• TASK STATEMENT: Leave the pictures in the listing below aside and reproduce exactly the lines starting with the one with "T-shirty męskie z" and going on through the one with "PRZESZEDŁEM Najtrudniejszą Grę", both ends included.

• MATERIAL SHOWN:
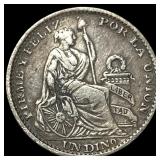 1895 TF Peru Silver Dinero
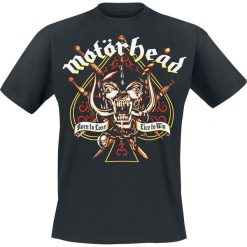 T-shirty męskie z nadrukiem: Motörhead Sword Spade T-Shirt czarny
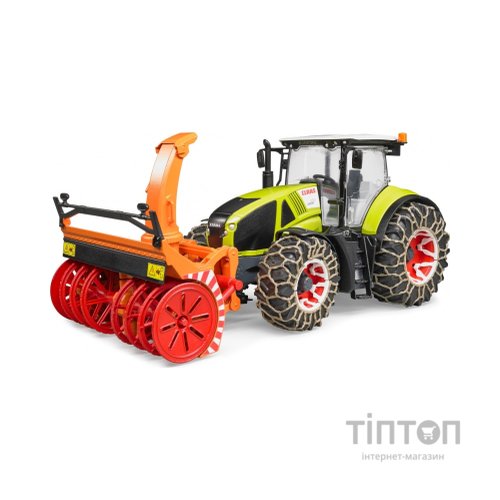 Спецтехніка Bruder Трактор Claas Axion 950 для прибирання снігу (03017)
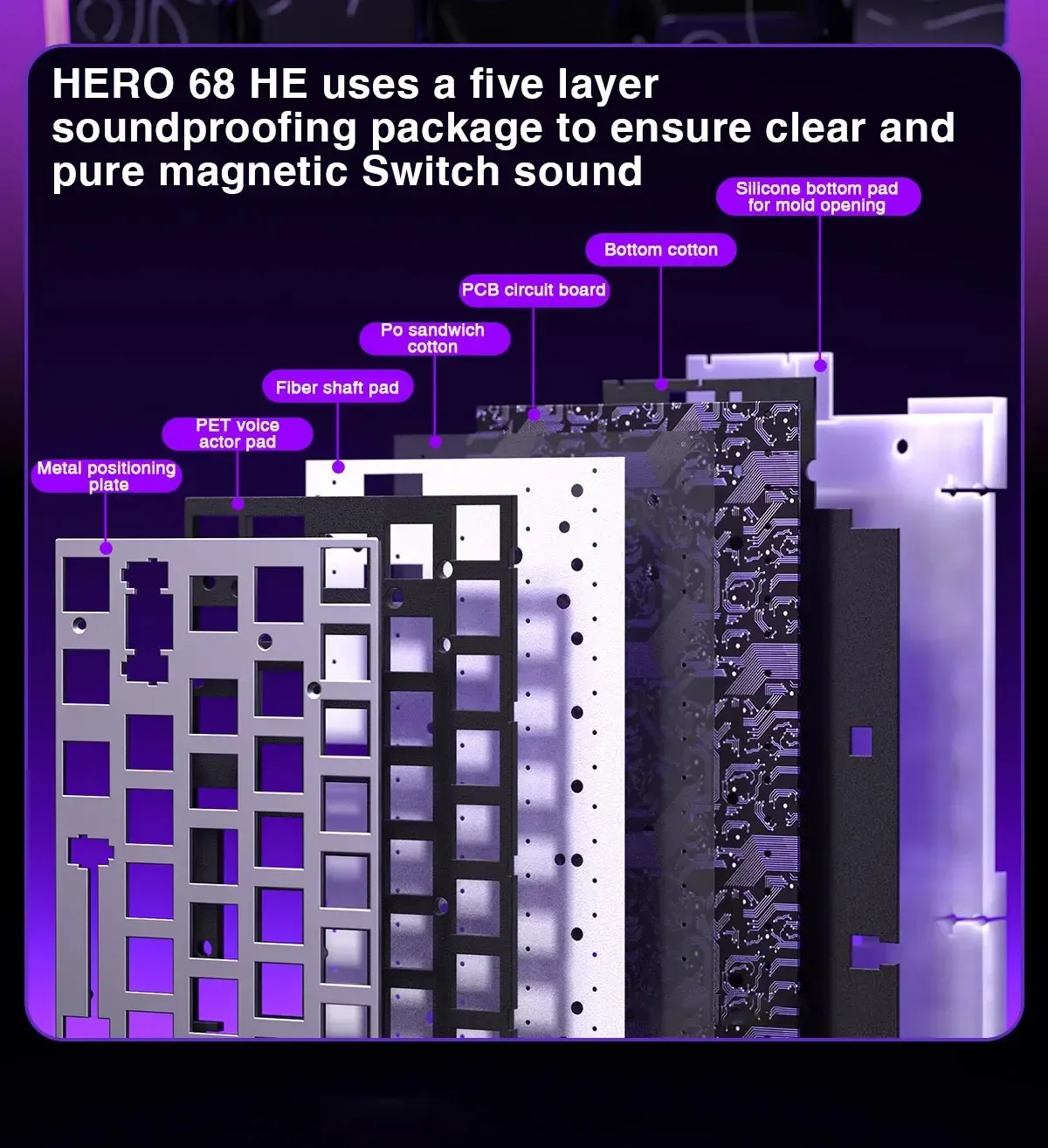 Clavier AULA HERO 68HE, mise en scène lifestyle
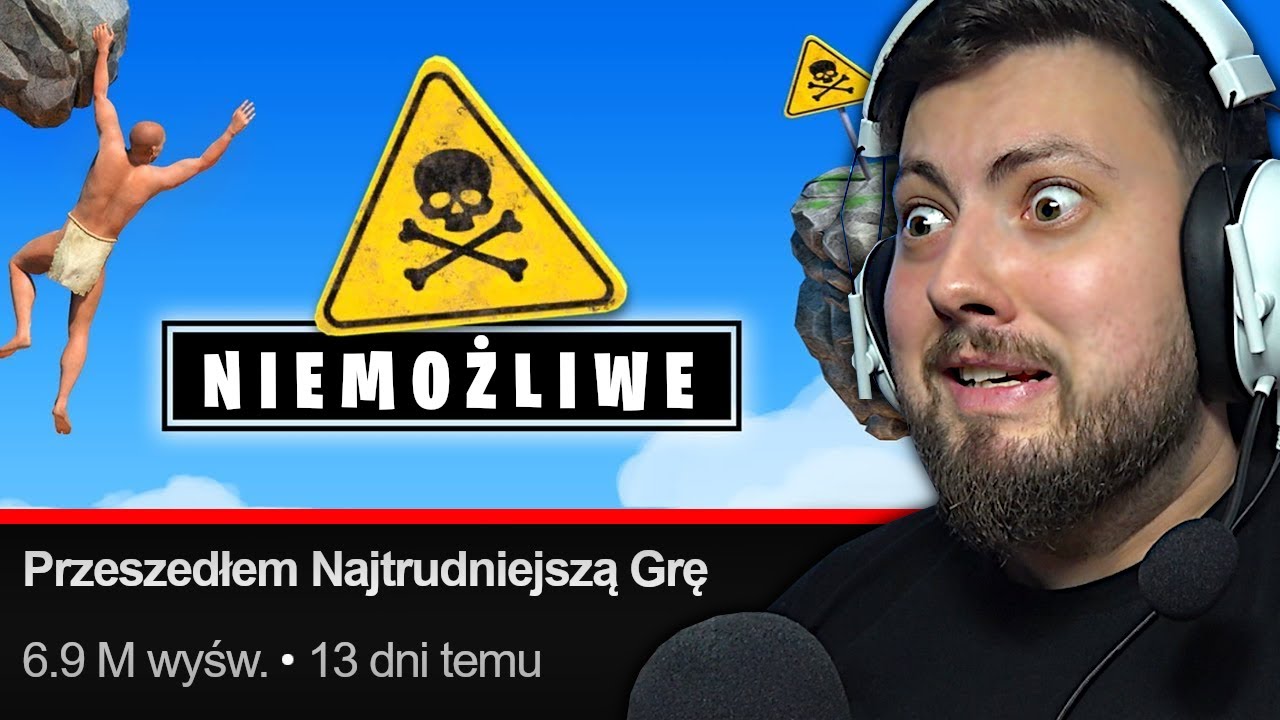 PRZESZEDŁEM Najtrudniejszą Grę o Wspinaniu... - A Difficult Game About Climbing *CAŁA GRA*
...
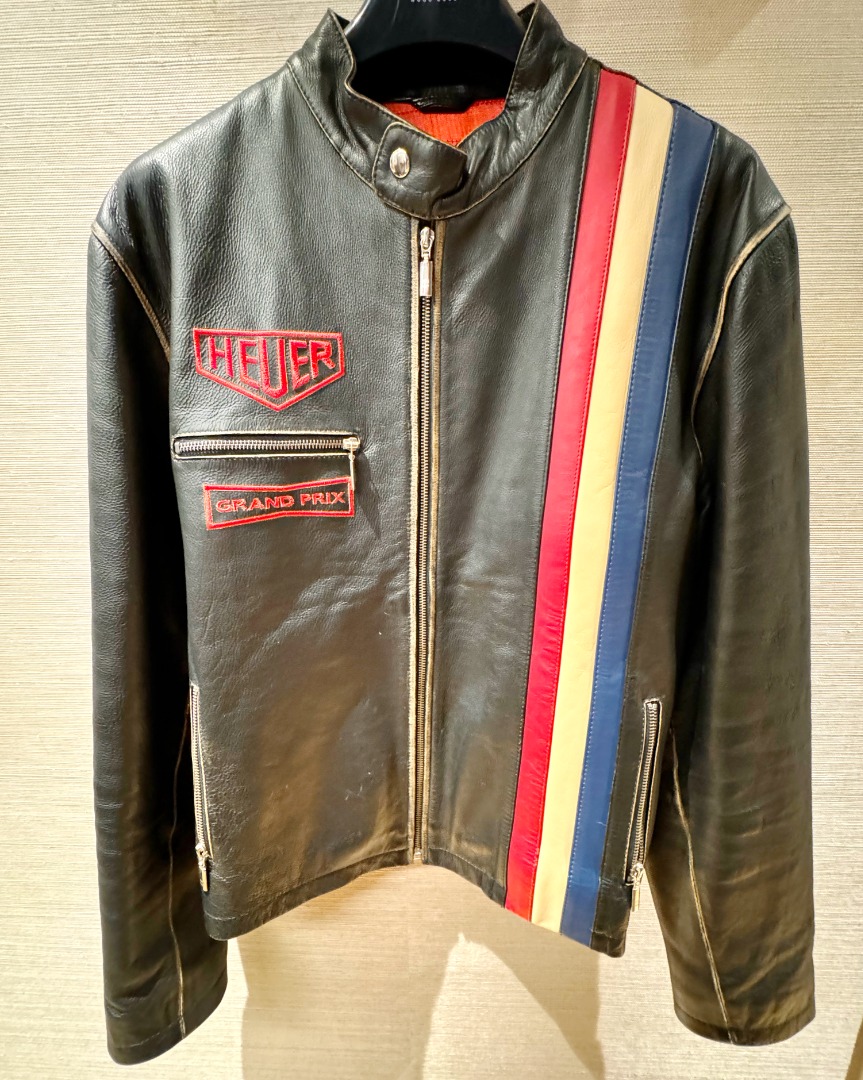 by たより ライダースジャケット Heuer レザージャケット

• FINISHED EXERCISE:
 T-shirty męskie z nadrukiem: Motörhead Sword Spade T-Shirt czarny
 Спецтехніка Bruder Трактор Claas Axion 950 для прибирання снігу (03017)
 Clavier AULA HERO 68HE, mise en scène lifestyle
 PRZESZEDŁEM Najtrudniejszą Grę o Wspinaniu... - A Difficult Game About Climbing *CAŁA GRA*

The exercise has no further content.